SPIES OF WARSAW: ALAN FURST

Posted: January 14, 2013 in France, Germany, Poland, spy story

41bj7+hXB3L._SL160_PIsitb-sticker-arrow-dp,TopRight,12,-18_SH30_OU02_AA160_I will possibly have more to say about this superb spy thriller after I have watched the final TV episode some time next week. I intend to watch the two episodes straight through as I believe that will be fairer to the adaptation of the novel, and I might forget the plot with a week interval between episodes.

The Spies of Warsaw, set in 1937, was an even better book than Spies of the Balkans, it had a bit more history, an interesting main character in Mercier and plenty of tension. Alan Furst cleverly blends real life events and personalities with his fictional characters. The  narrative style is episodic but that does not jar because of the packed content in those episodes. The author switches third person perspectives occasionally from the French military attache, the dashing aristocratic widower Colonel Mercier, to the German engineer Edvard Uhl, a secret agent, or the vindictive SD Major August Voss, but the tension never flags.

‘Evil bastards, Jean-Francois, they’ve got their whole country in prison. I have friends who are Jews, a couple , who fled Frankfurt with their clothes on their backs. No doubts great threats to the government: cellists, both of them. Did you know that, by German law, persons of more than twenty-five per cent non-Aryan blood are forbidden to play Beethoven, Mozart, Bach or any other Aryan composer?’

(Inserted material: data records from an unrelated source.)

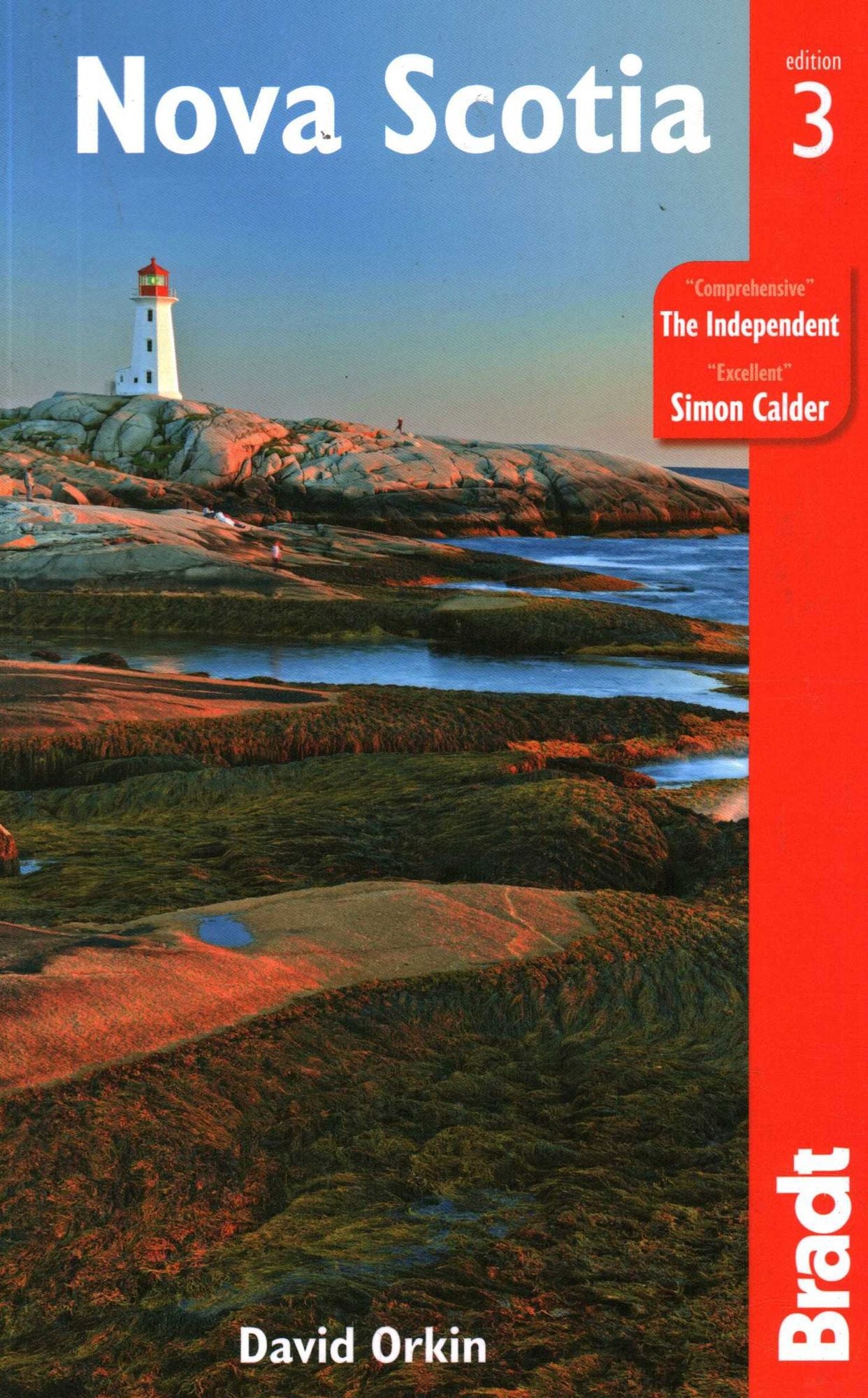 Nova Scotia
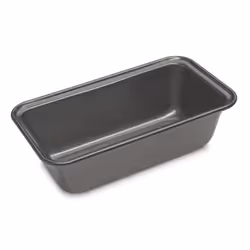 Cuisinart CMBM-4LP Mini Loaf Pan 4 Count Pack of 1
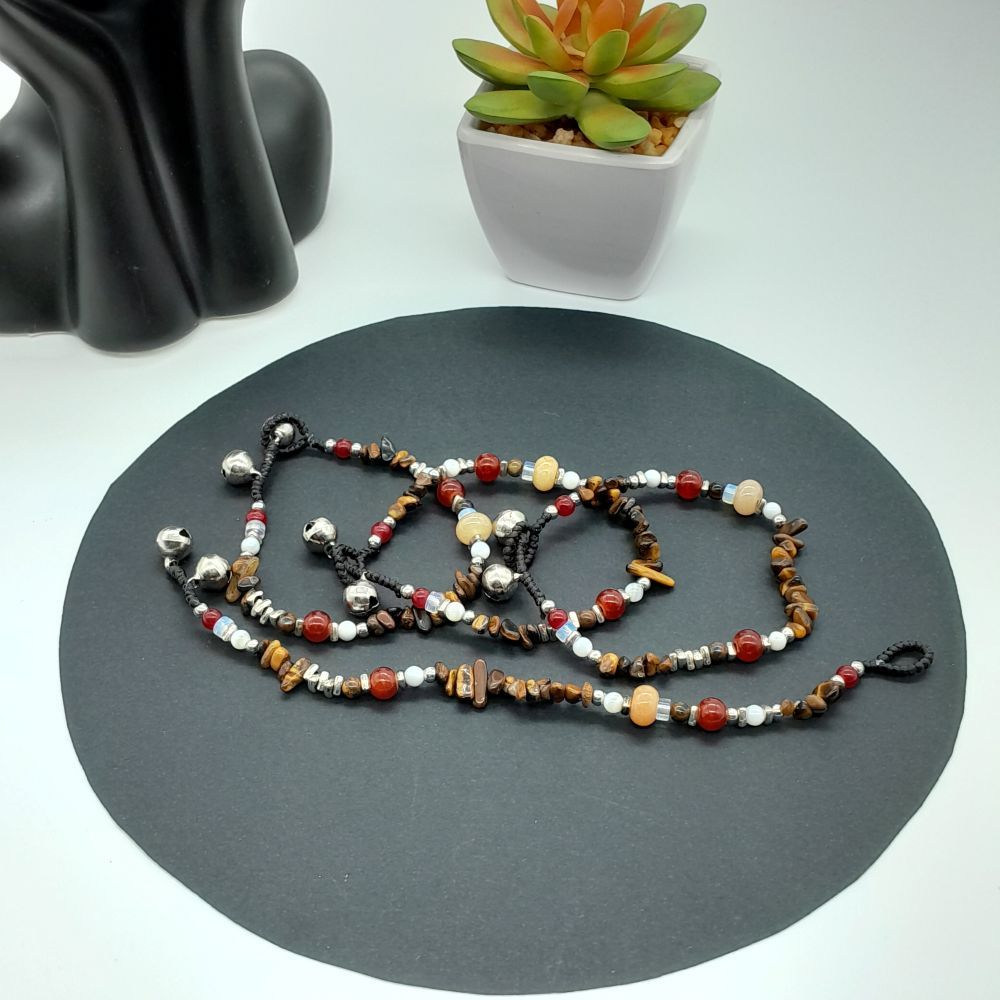 Bracelet Berbère Tahiri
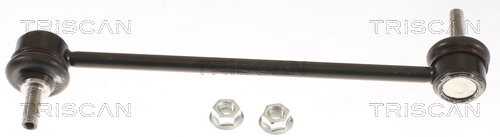 Rod/Strut, stabiliser - 8500 18629 TRISCAN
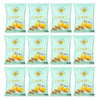 Sal de Ibiza White Truffle Potato Chips - 1.6 oz Bags (12-Pack)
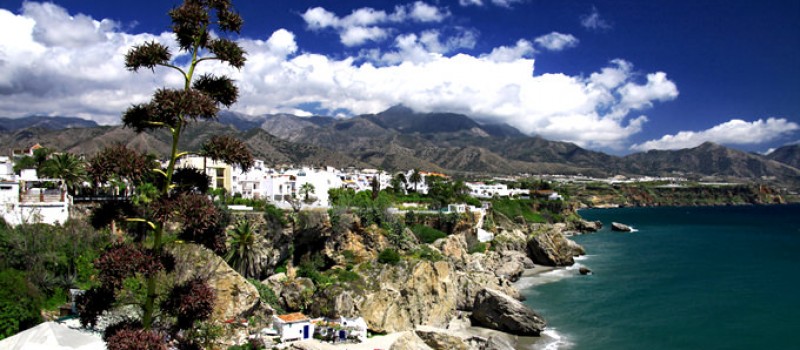 Nerja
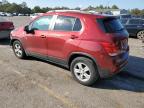 CHEVROLET TRAX 1LT снимка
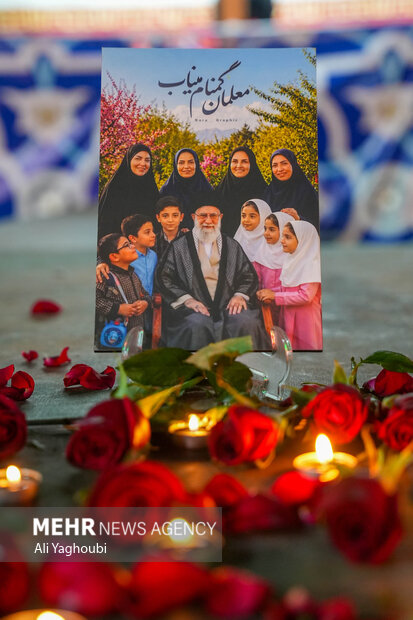 کاروان پویش ملی همکلاسی در رشت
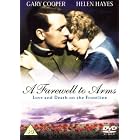 Click here to buy A Farewell to Arms [Region 2].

The reader learns all about the duties of Jean-Francois Mercier, and the reality that military attache really means a “spy”, working for the French Deuxieme Bureau. We accompany him to smart embassy dinners, to social events and on his dangerous investigative activities. He deals with both German secret agents, the Abwehr [German Military Intelligence] and the anti-Nazi ex-Nazis from Otto Strasser’s organisation, the survivors of Hitler’s purge on the Night of the Long Knives in 1934. He helps Russian NKVD operatives avoid the dreaded trip back to Moscow, and “nine grams”. [The weight of a bullet is slang for execution.] He checks fortifications on the Polish-German border, and tank exercises in the Black Forest. 

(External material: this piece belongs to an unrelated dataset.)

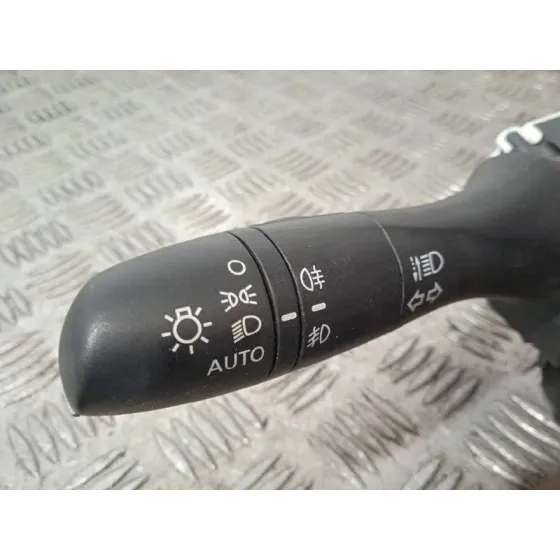 Mando Multifuncion para Nissan Pulsar (C13)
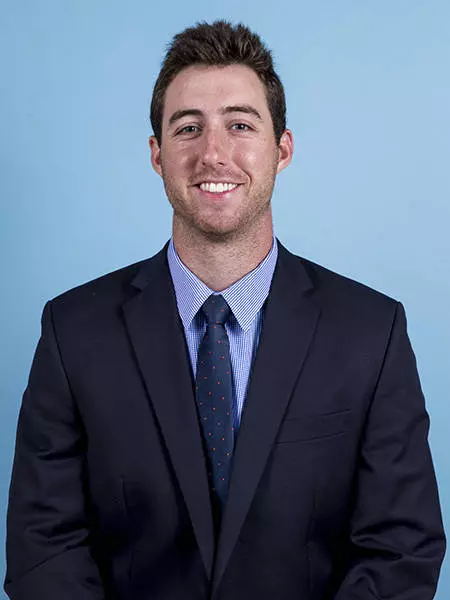 Ryan Marks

‘So Marshal Petain, the hero of Verdun, much honoured, idolized, even, has persuaded himself he is omniscient. In a recent pamphlet, he wrote “The Ardennes forest is impenetrable; and if the Germans were imprudent enough to get entangled in it, we should seize them as they came out!”‘

The reader learns about  Mercier’s teenage years, his relationships with women, and especially his romance with intriguing Anna Szarbek, a lawyer with the League of Nations. And on top of all the personal details we learn about the articles and books written on tank tactics by Basil Liddell-Hart, and Charles De Gaulle. These are almost totally ignored by the French and British General Staffs, but their ideas are eagerly adopted by German officers including Heinz Guderian, and Erwin Rommel with devastating effect in the Blitzkreigs of 1939 [Poland] and 1940 [France]. This is just the sort of book that should be read by young people starting on their GCSE History of the Second World War course at 15 or 16, because it gives you a lot of facts in an easily digestible form alongside, both an exciting spy story and a love story. It makes history interesting, and as a result I am becoming a bit of an addict for Alan Furst’s writing. Although of course as well as history you get the tension and  excitement of spying and other activities.

Then they kissed for a while, the tender kind, touch and part-until she raised her arms so he could take her sweater off. Small breasts in a lacy black bra. For a day at the Cracow office?

Madame Dupin, you told.  

Comments
  1. Margot Kinberg says:

    Norman – Oh, I’m so pleased this was as good as you’d hoped it would be. What a nice blend of accurate history and a good, good story. I’m glad you liked it as much as you did and I’ll be interested to hear what you say when you’ve seen the TV episode.